3 min readJul 4, 2022

I assembled the ngods (new generation open-source data stack) two months back and have used it for two projects since then.

I found that the data stack nicely scales from small data (a few GBs) to mid-size data (a few hundred GBs). It is also much cheaper than the cloud data stacks that utilize usage-based pricing (e.g., Snowflake, Redshift, or BigQuery).

I created a simple demo demonstrating its capabilities. You can use it as a starting point for your own project.

The demo is available in this GitHub repository. It retrieves selected stock symbols data history from Yahoo Finance API, stores it in a data warehouse, transforms it, and provides an analytical model for machine learning predictions and data visualizations.

The demo uses medallion architecture with three data stages: bronze, silver, and gold.

The bronze data stage stores the data in the form of its original data source.
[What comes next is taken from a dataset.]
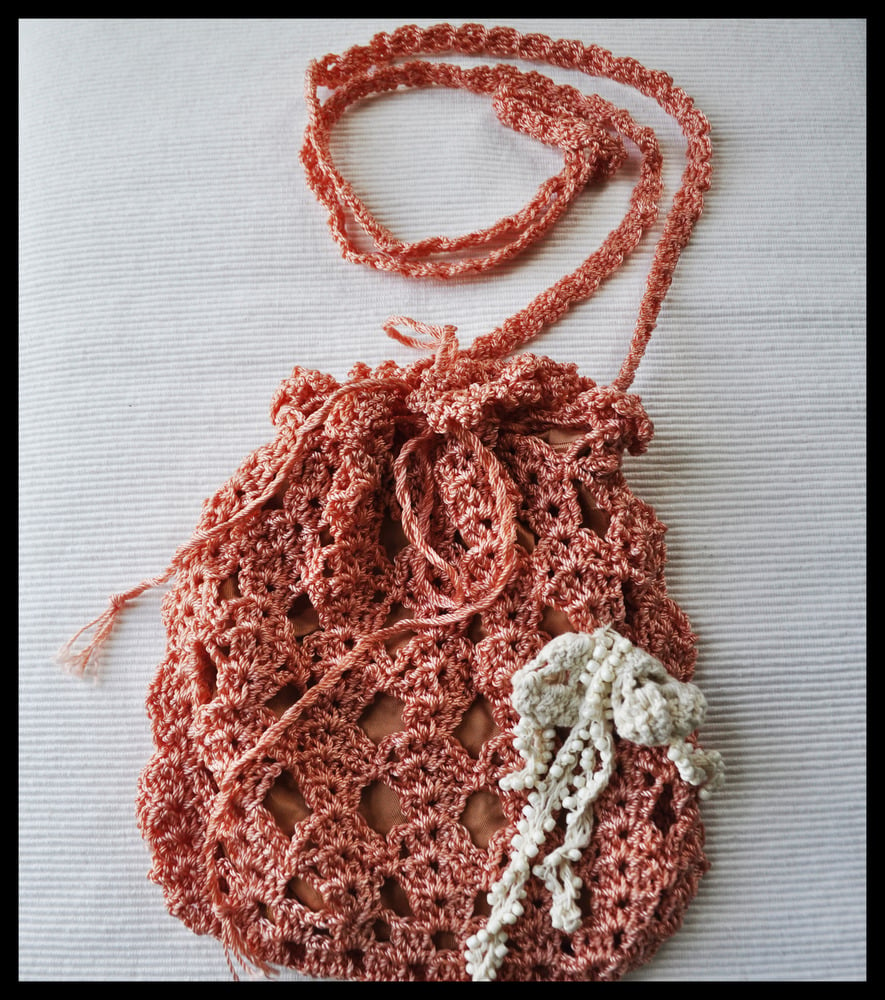 Image of Crochet Bag by Mermaid Design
This stage uses Apache Iceberg for data storage.
The silver data stage stores cleaned and transformed data that blend the original data from the bronze stage. This stage also uses Apache Iceberg.
The gold data stage implements the analytics model (dimensions, facts, etc.). I've decided to use the Postgres database for this stage.

The ngods data stack uses dbt for data transformation. The dbt executes SQL in Apache Spark for data transformations in bronze and silver stages.

Apache Spark executes data transformation in bronze and silver data stages.

The dbt must move data between the silver and gold data stages as the gold stage uses Postgres. I decided to use the Trino that maps all medallion data stages in Apache Iceberg and Postgres to schemas in one database.

Trino federates access to all medallion data stages.

The ngods use Dagster to orchestrate data warehouse initialization, stock data download, and dbt data transformation. I love Dragster's extensibility with Python code.